**What you have to do:**
Below is a listing; print exactly its lines from the one containing "Two young girls" down to the one containing "Sleeveless Exquisite Beaded", both inclusive, with every picture left out.

**Data for this exercise:**

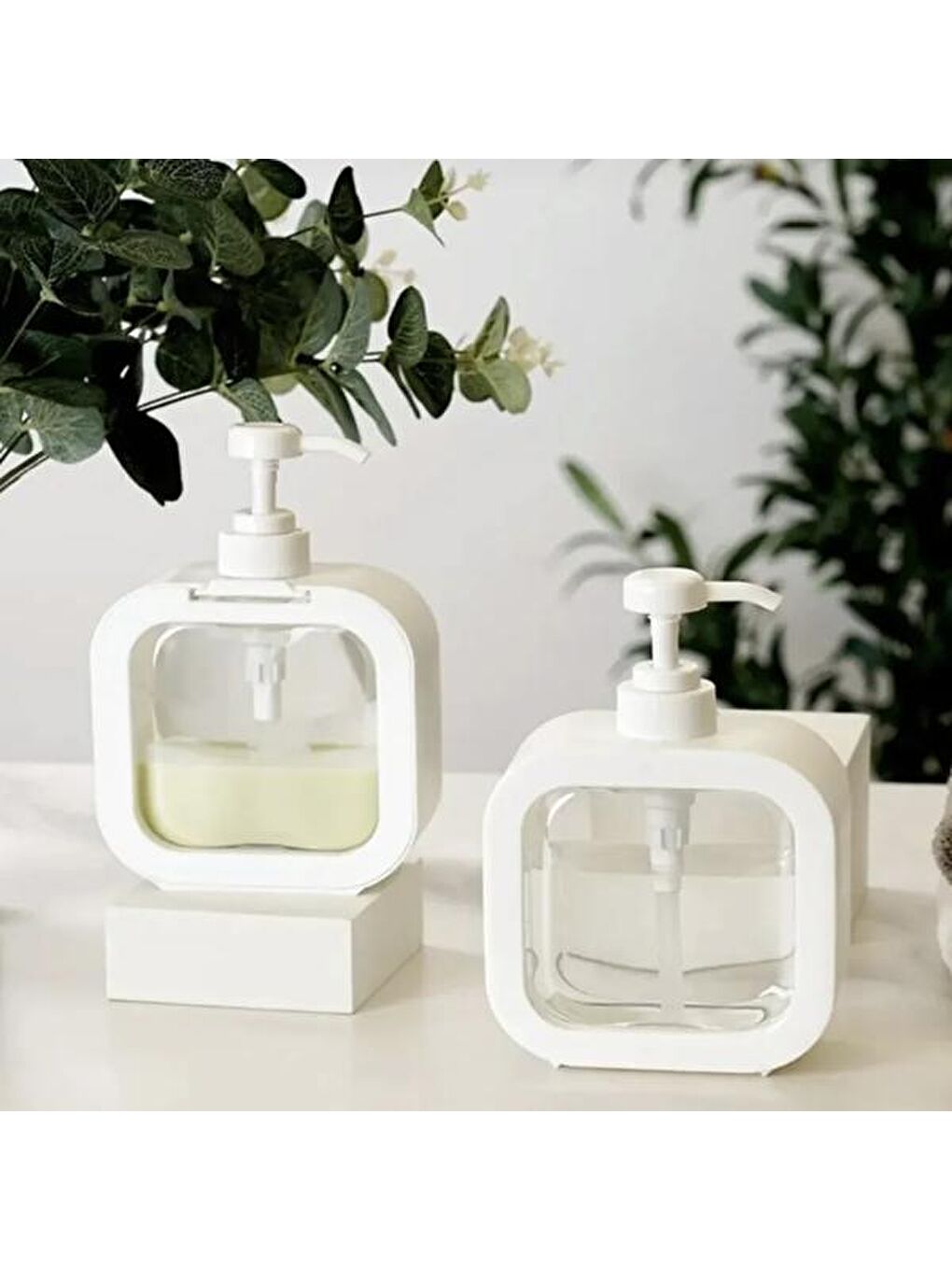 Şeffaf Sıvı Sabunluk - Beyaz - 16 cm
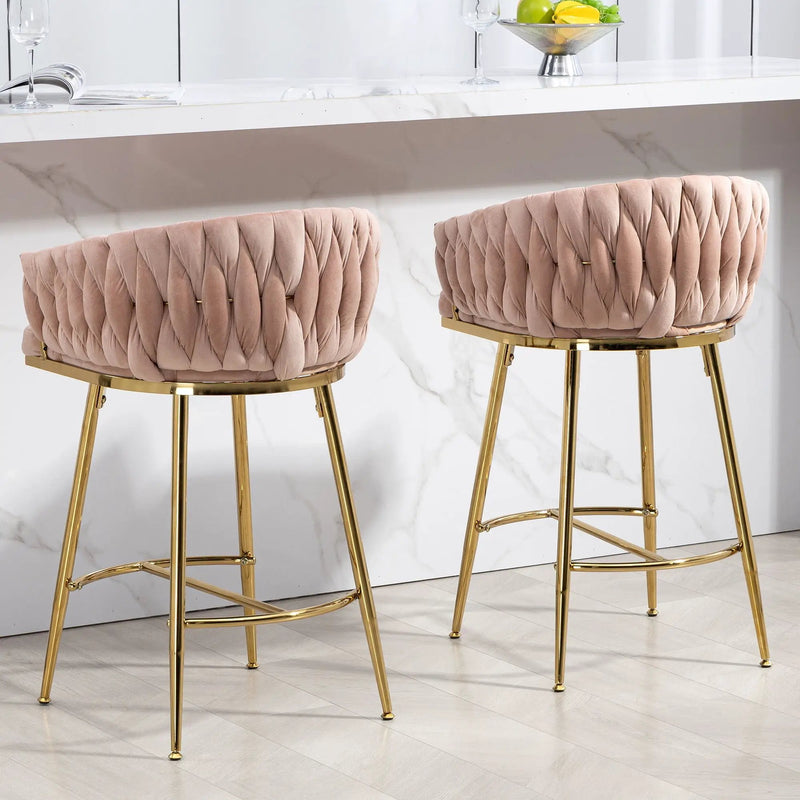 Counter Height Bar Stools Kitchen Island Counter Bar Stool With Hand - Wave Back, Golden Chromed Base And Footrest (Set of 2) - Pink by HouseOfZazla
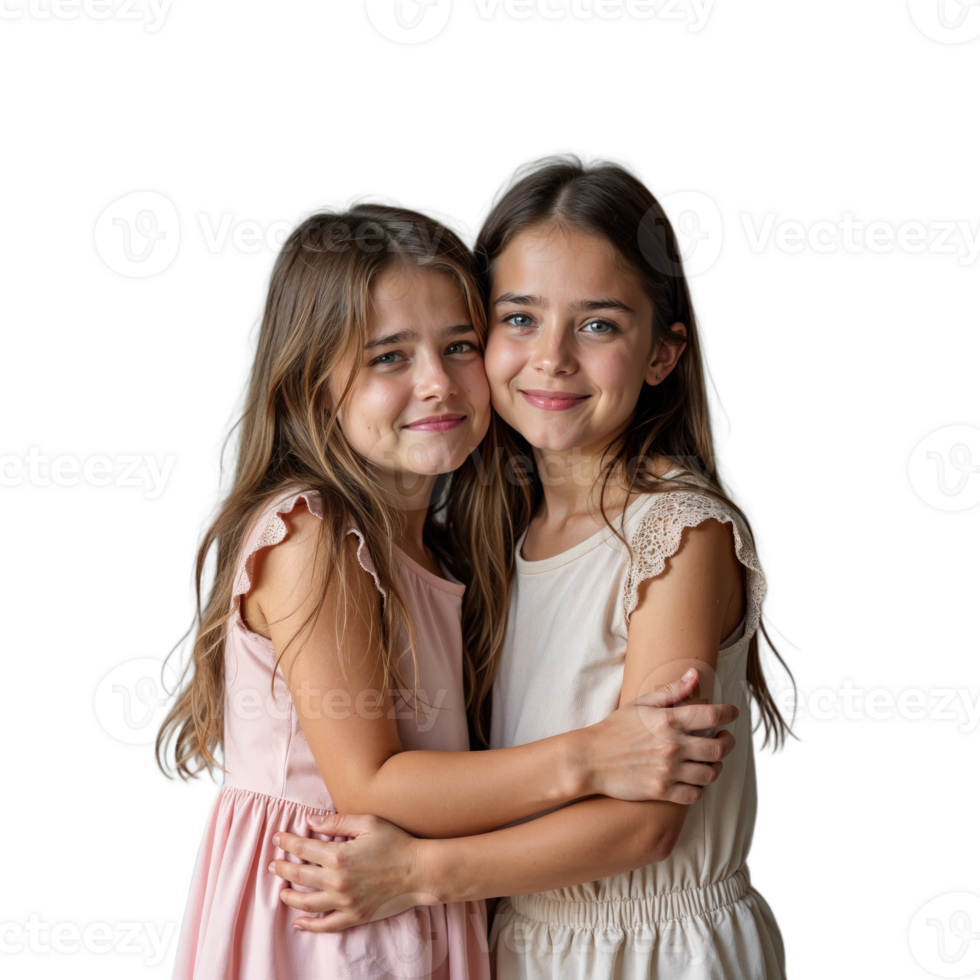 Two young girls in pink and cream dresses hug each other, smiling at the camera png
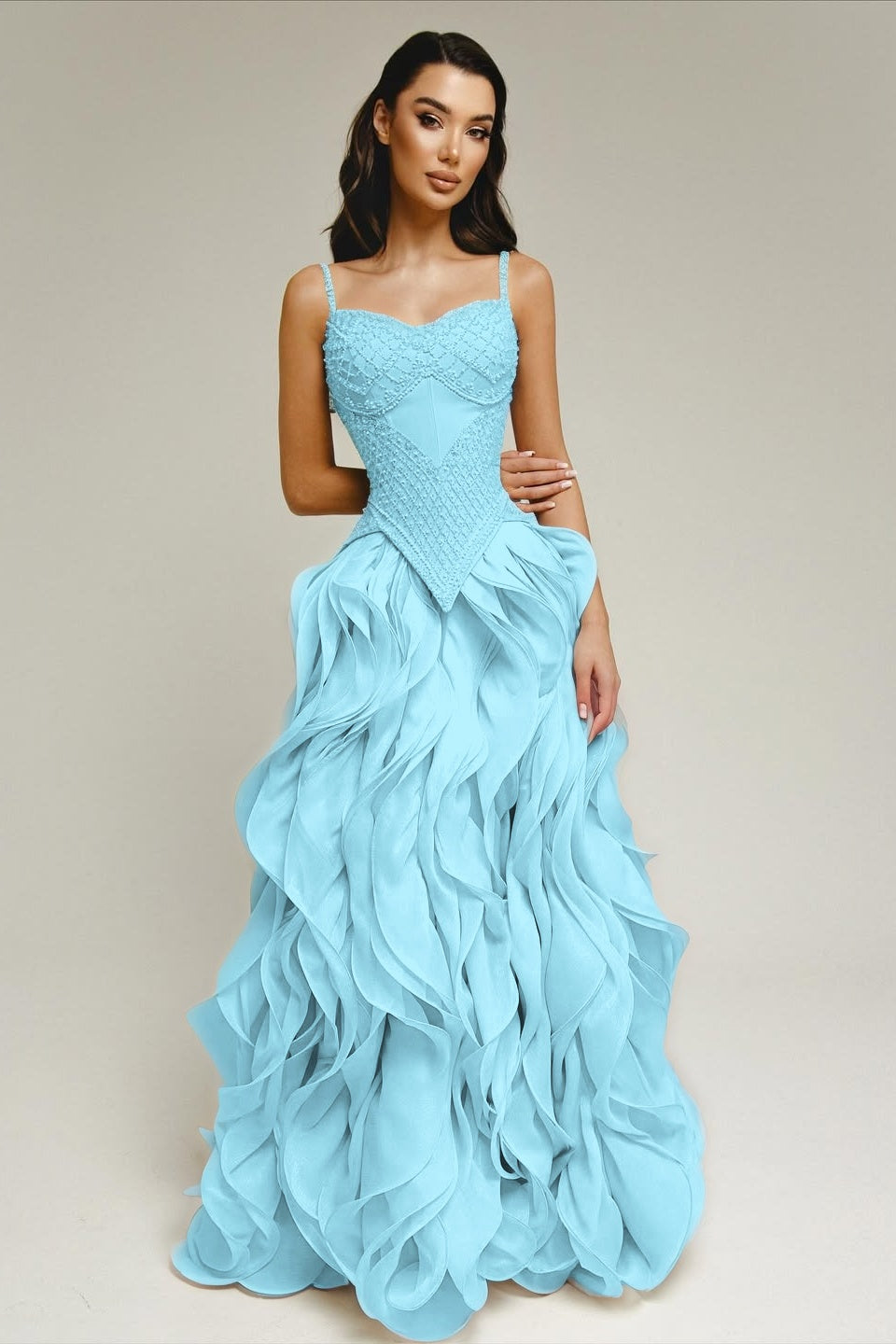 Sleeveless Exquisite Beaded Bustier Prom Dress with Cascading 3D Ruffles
---
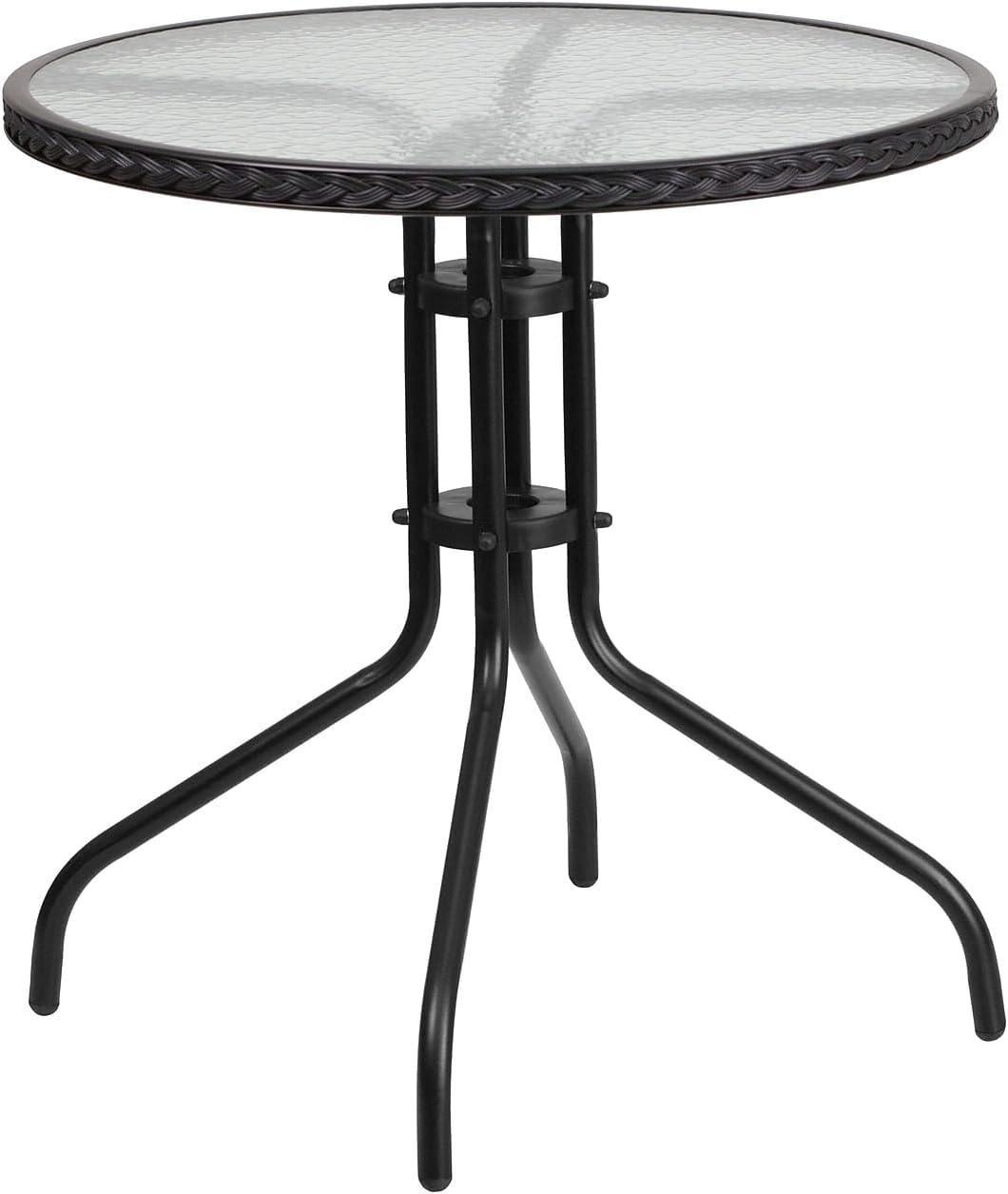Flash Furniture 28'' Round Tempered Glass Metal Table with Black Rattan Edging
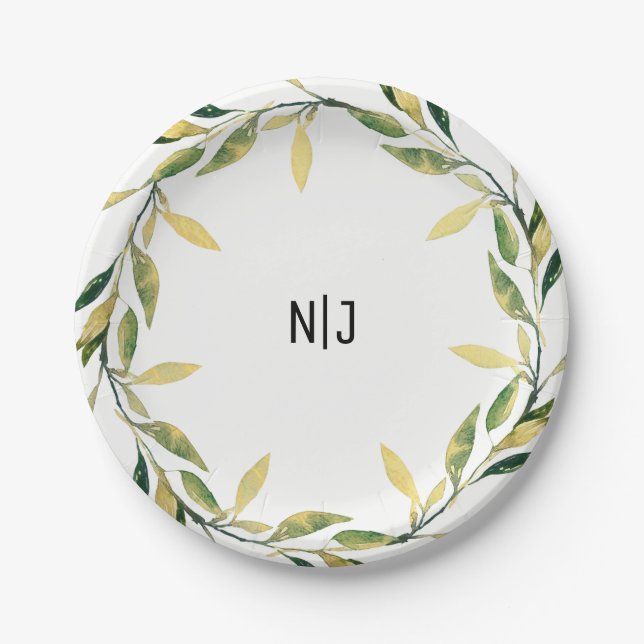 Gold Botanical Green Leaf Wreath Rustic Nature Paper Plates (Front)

**Answer to this exercise:**
 Two young girls in pink and cream dresses hug each other, smiling at the camera png
 Sleeveless Exquisite Beaded Bustier Prom Dress with Cascading 3D Ruffles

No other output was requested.